Split back:    txt_out = out[:, :txt_len]
               img_out = out[:, txt_len:]

Architecture

Image Latent [batch, img_tokens, img_dim]     Text Embed [batch, txt_tokens, txt_dim]
      |                                              |
      v                                              v
[Image Projection]                            [Text Projection]
      |                                              |
      v                                              v
+-------------------------------------------------------------------+
|  Double-Stream Block x depth                                       |
|                                                                    |
|  img_stream:  AdaLN(vec) -> QKV_img ---+                          |
|  txt_stream:  AdaLN(vec) -> QKV_txt ---+-> Joint Attention        |
|                                        |                          |
|  img_stream:  gate * proj(img_attn) + residual -> AdaLN -> MLP   |
|  txt_stream:  gate * proj(txt_attn) + residual -> AdaLN -> MLP   |
+-------------------------------------------------------------------+
      |
      v
[Final Norm + Linear] -> output [batch, img_tokens, img_dim]

Conditioning (AdaLN-Zero)

Each stream has separate modulation weights. The conditioning vector is: vec = timestep_mlp(sinusoidal(t)) + pooled_text_mlp(pooled_text)

Each modulation produces 6 parameters per stream: (shift_attn, scale_attn, gate_attn, shift_mlp, scale_mlp, gate_mlp)

Usage

model = MMDiT.build(
  img_dim: 16,           # VAE latent channels (flattened patch dim)
  txt_dim: 4096,         # Text encoder hidden dim (e.g., T5-XXL)
  hidden_size: 1536,     # Joint hidden dimension
  depth: 24,             # Number of double-stream blocks
  num_heads: 24,
  img_tokens: 256,       # Number of image patches
  txt_tokens: 77         # Max text sequence length
)

References

Summary

Types

Options for build/1.

Functions

Build an MMDiT model for multimodal diffusion.

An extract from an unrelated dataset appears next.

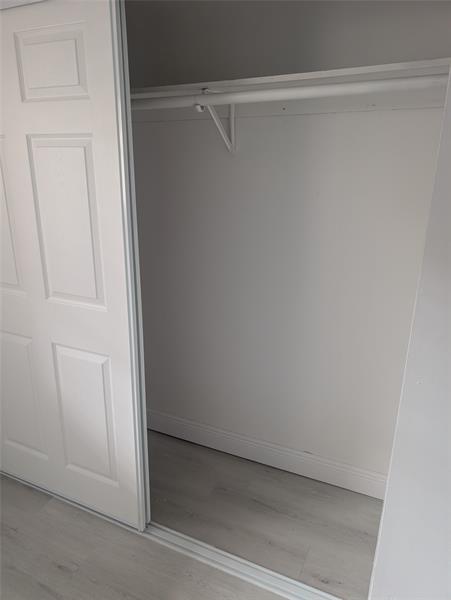 Image 18 of 20 For 5881 16th Pl  224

Get the output size of an MMDiT model.

Get recommended defaults for MMDiT.

Types

build_opt()

@type build_opt() ::
  {:cond_dim, pos_integer()}
  | {:depth, pos_integer()}
  | {:hidden_size, pos_integer()}
  | {:img_dim, pos_integer()}
  | {:img_tokens, pos_integer()}
  | {:mlp_ratio, pos_integer()}
  | {:num_heads, pos_integer()}
  | {:txt_dim, pos_integer()}
  | {:txt_tokens, pos_integer()}

Options for build/1.

Functions

build(opts \\ [])

@spec build([build_opt()]) :: Axon.t()

Build an MMDiT model for multimodal diffusion.

Options

Modality dimensions (at least one pair required):

  • :img_dim - Image patch feature dimension (required)
  • :txt_dim - Text token feature dimension (required)
  • :img_tokens - Number of image tokens/patches (default: 64)
  • :txt_tokens - Max text tokens (default: 32)

Architecture:

  • :hidden_size - Joint hidden dimension (default: 768)
  • :depth - Number of double-stream blocks (default: 12)
  • :num_heads - Attention heads (default: 12)
  • :mlp_ratio - MLP expansion ratio (default: 4)
  • :cond_dim - Conditioning vector dimension (default: hidden_size)

Returns

An Axon model: (img_latent, txt_embed, timestep, pooled_text) -> denoised_img

output_size(opts \\ [])

@spec output_size(keyword()) :: non_neg_integer()

Get the output size of an MMDiT model.